В Институте минерального сырья – ВИМСе, куда нас направили на практику, мы пакуем необходимые вещи, сухой паек, бидоны для воды, палатки, раскладушки. Собираемся в горы: Игнат с профессором Сергеем Александровичем Ковалевским и его ассистенткой – на Чатыр-Даг, я с Толей, научным сотрудником ВИМСа – на Демерджи-Яйлу. Свободного времени более, чем достаточно. Игнат обычно валяется в гостинице на постели, я шатаюсь по улицам, под тополями вдоль домов из мягкого белого камня, и уже несколько раз, казалось мне, мелькает передо мной тонкий профиль девочки из ночного поезда, который привез нас в Симферополь. Ее худые ключицы нежно торчат из платья, слышится ее голос. Она как бы растворена в плывущих мимо юных созданиях, в их размытой какой-то акварельной прелести, дразнящей воображение, усиливающей прелесть летнего дня.

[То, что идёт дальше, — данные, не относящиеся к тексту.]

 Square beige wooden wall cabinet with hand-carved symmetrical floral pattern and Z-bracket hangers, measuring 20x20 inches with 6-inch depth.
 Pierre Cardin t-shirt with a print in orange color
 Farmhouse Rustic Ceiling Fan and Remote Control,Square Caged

Вечером я решил пойти на танцплощадку, вопреки весьма убедительной речи Игната против джаза, двигательного способа знакомства, романтики на ощупь. У нее смуглое лицо испанки, вороний отлив волос, небрежно свернутых на затылке. Зовут ее Белла. Лермонтовские сумерки, тайные искушения ночного южного города омывают нас едва ощутимыми порывами мягкого ветра, звезды тонут в бархатной мгле.

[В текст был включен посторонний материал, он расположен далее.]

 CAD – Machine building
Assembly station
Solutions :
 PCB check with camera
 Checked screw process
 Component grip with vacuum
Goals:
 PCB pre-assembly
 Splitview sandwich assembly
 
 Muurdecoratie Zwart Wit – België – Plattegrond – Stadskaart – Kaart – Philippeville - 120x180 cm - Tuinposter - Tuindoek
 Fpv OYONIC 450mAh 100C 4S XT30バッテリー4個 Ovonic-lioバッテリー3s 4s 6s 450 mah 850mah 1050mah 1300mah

Пожелтевшая газета под стеклянной витриной, освещенная фонарем, привлекает мое внимание столбцами фамилий. Против такого искушения я не могу устоять даже в столь романтические минуты: подошел к витрине, читаю список различных лауреатов:
– Вот, еще одна… Еще…
– Что ты выискиваешь? – в голосе Беллы тревога и удивление.
– Еврейские фамилии… Явные и скрытые. Понимаешь ли, как ни крути, а процент высокий.
– Ты что, еврей?
– Ну конечно, – говорю – и ты ведь тоже.
Это само собой разумелось и не могло быть по-иному. Меня продолжает нести напропалую эта располагающая к чрезмерному откровению симферопольская ночь, и я говорю о том, что всегда ощущал свою принадлежность к людям погибшей страны, к разбросанному по миру племени, что всегда искал их следы не только по обрывкам старых книг, молитвенникам, но и в любом статистическом исследовании, таблице, списке. И это не мания, а просто поиски знаков собственного существования. Тем более, здесь, в Крыму, это ощутимо острее, ведь рукой подать, через море, Турция, а там уже совсем близко Израиль, и вообще, верно, если с горы, где мы будем находиться, хорошенько прищуриться, можно различить плавни Египта, откуда наши предки вышли в Синай. Замечаю в ее глазах удивление, смешанное с тревогой, даже испуг.
– Ты знаешь древнееврейский? – в голосе ее уже не испуг, а страх.
При следующей встрече пришел черед удивляться мне: Белла настоятельно просила встретиться с ее отцом и немедленно. Так быстро, думал я про себя, не очень-то торопясь, однако деваться было некуда.